How to prepare Graph for Faang interview
Preparing for graph-related questions in FAANG interviews can be tough, but with the right strategy, you'll be ready to tackle them!
As, we know that the graph data structure contains a set of objects (nodes or vertices) where there can be edges between these nodes/vertices.
Edges can be directed or undirected and can optionally have values (a weighted graph).
Trees are undirected graphs in which any two vertices are connected by exactly one edge and there can be no cycles in the graph.
Graphs are commonly used to model relationship between unordered entities, such as
Friendship between people- Each node is a person and edges between nodes represent that these two people are friends.
Distances between locations- Each node is a location and the edge between nodes represent that these locations are connected.
Be familiar with the various graph representations, graph search algorithms and their time and space complexities.
The value of the edge represents the distance.
Here’s a simple step-by-step guide to help you get prepared:
1. Graph Basics
Terminology: Learn about vertices (nodes), edges, adjacency matrices/lists, and directed/undirected graphs, as well as weighted/unweighted graphs.
Types of Graphs: Familiarize yourself with different types such as trees, cycles, bipartite graphs, and special graphs like DAGs (Directed Acyclic Graphs).
2. Graph Representations
Adjacency Matrix: A 2D array where matrix[i][j] indicates if there is an edge between vertices i and j.
Adjacency List: A list where each vertex has a list of edges (or neighbors).
3. Core Algorithms
Traversal Algorithms:
Breadth-First Search (BFS): Great for finding shortest paths in unweighted graphs.
Depth-First Search (DFS): Useful for pathfinding, topological sorting, and cycle detection.
Shortest Path Algorithms:
Dijkstra’s Algorithm: For finding shortest paths in weighted graphs with non-negative weights.
Bellman-Ford Algorithm: For graphs with negative weights.

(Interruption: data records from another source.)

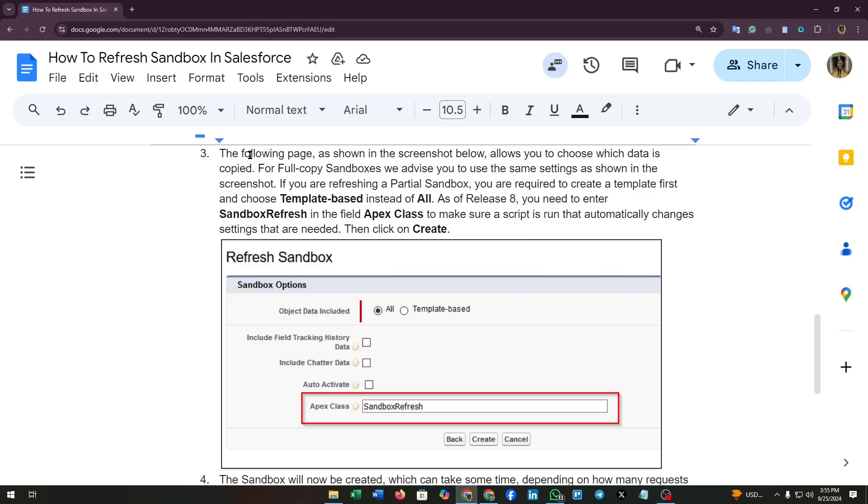Heading to the third step, the following page as shown in the screenshot below allows you to choose which data is copied. For full copy sandbox, we advise you use the same settings as shown in the screenshot here below.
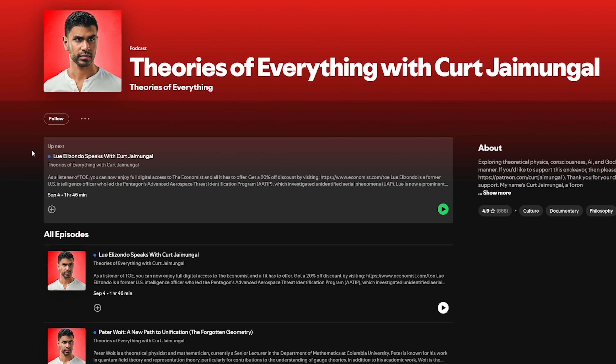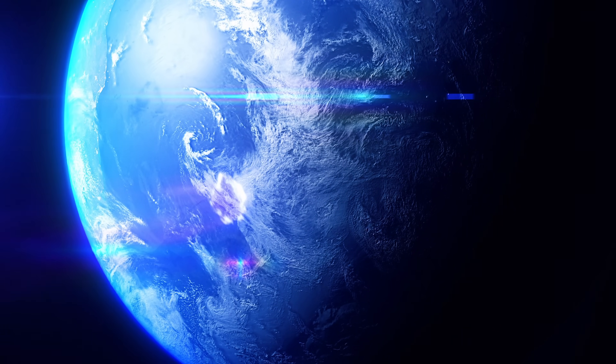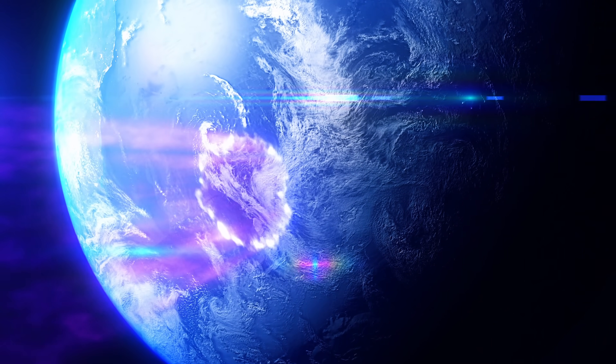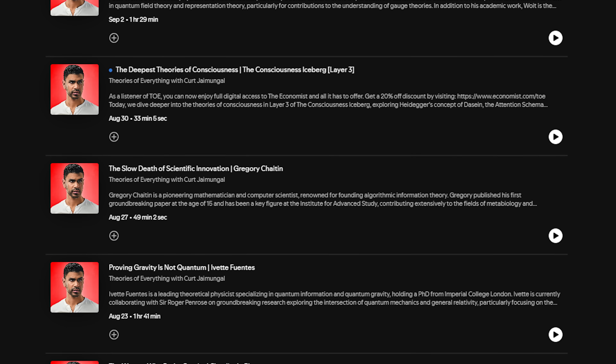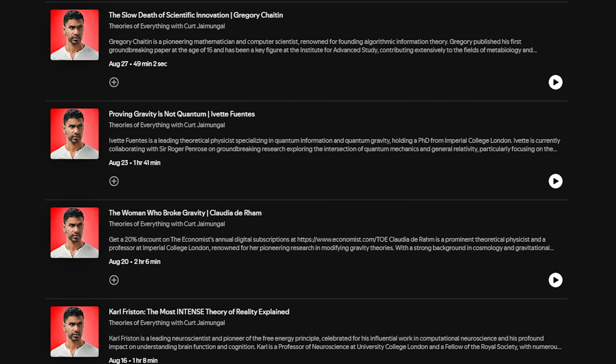Don't forget to follow Theories of Everything with Kurt Jaimungel on Spotify for exclusive content and in-depth discussions. Your support helps us grow and reach more curious minds. Check out the link in the description and join the community on Spotify today.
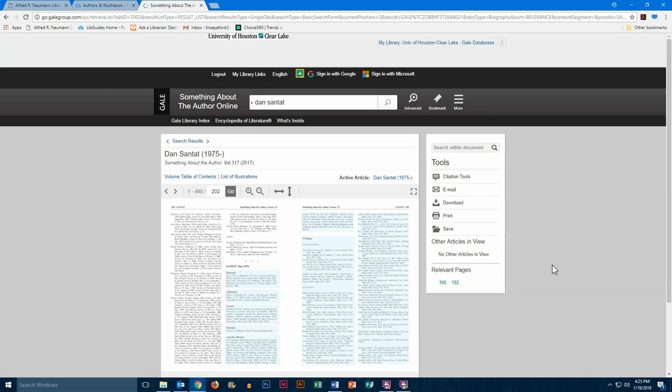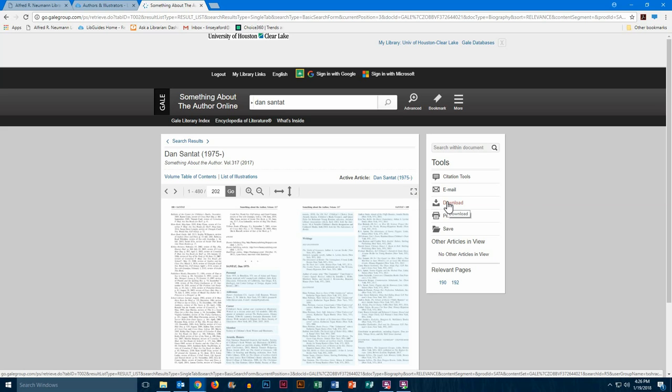Here we see all kinds of information on Dan Santat. You can make it full screen by selecting this icon, which makes it easier to read. You can also download it as a PDF by clicking here. It may take a bit to load, and there may be some blocked images depending on your browser.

Floyd-Warshall Algorithm: For finding all-pairs shortest paths.
Minimum Spanning Tree:
Kruskal’s Algorithm: Uses sorting and union-find techniques.
Prim’s Algorithm: Uses priority queues and grows the MST from an initial vertex.
Topological Sorting: Useful for ordering tasks or dependencies in a DAG.
Strongly Connected Components (SCC): Algorithms like Kosaraju’s or Tarjan’s help in finding SCCs in a directed graph.
List of the Graph Algorithms:-
Certainly! Graph algorithms are commonly asked in FAANG (Facebook, Amazon, Apple, Netflix, Google) interviews. Here are some important graph algorithms that you should be familiar with:
Breadth-First Search (BFS): Traverses a graph level by level.
Depth-First Search (DFS): Explores as far as possible along each branch.
Dijkstra's Algorithm: Finds the shortest path in a weighted graph.
Bellman-Ford Algorithm: Finds the shortest path, even with negative edge weights.
Kruskal's Algorithm: Finds the minimum spanning tree of a connected, undirected graph.
Prim's Algorithm: Finds the minimum spanning tree by growing from a starting point.
Topological Sorting: Orders vertices in a DAG.
Floyd-Warshall Algorithm: Finds shortest paths between all pairs of vertices.
A* Algorithm: Informed search for the shortest path using heuristics.
Minimum Cut Algorithm (Karger's Algorithm): Finds a minimum cut in an undirected graph.
Tarjan's Algorithm: Finds strongly connected components in a directed graph.
Eulerian Path/Circuit: Determines if a graph has a path/circuit that visits each edge once.
Bipartite Graph Checking: Determines if a graph can be partitioned into two independent sets.
4. Practice Problems
Classic Problems: Get comfortable with problems like:
Finding shortest paths (e.g., in a grid or with obstacles)
Detecting cycles (e.g., in directed/undirected graphs)
Topological sorting (e.g., task scheduling)
Finding connected components (e.g., counting islands in a 2D grid)
Minimum spanning tree (e.g., building a network with minimal cost)
Competitive Programming Platforms: Practice on platforms like LeetCode, HackerRank, Codeforces, or GeeksforGeeks.
5. Learn and Implement
Implement Algorithms: Write code for each of the core algorithms and make sure you understand their time and space complexities.
Complexity Analysis: Be prepared to analyze and explain the time and space complexity of your algorithms.
6. Mock Interviews and Review
Mock Interviews: Practice with peers or use platforms like Pramp or Interviewing.io.
Review Solutions: Go over your solutions and explore alternative approaches.
7. Advanced Topics (Optional)
Graph Theory Concepts: Study advanced topics if needed, such as network flow, matching algorithms, or advanced optimization techniques.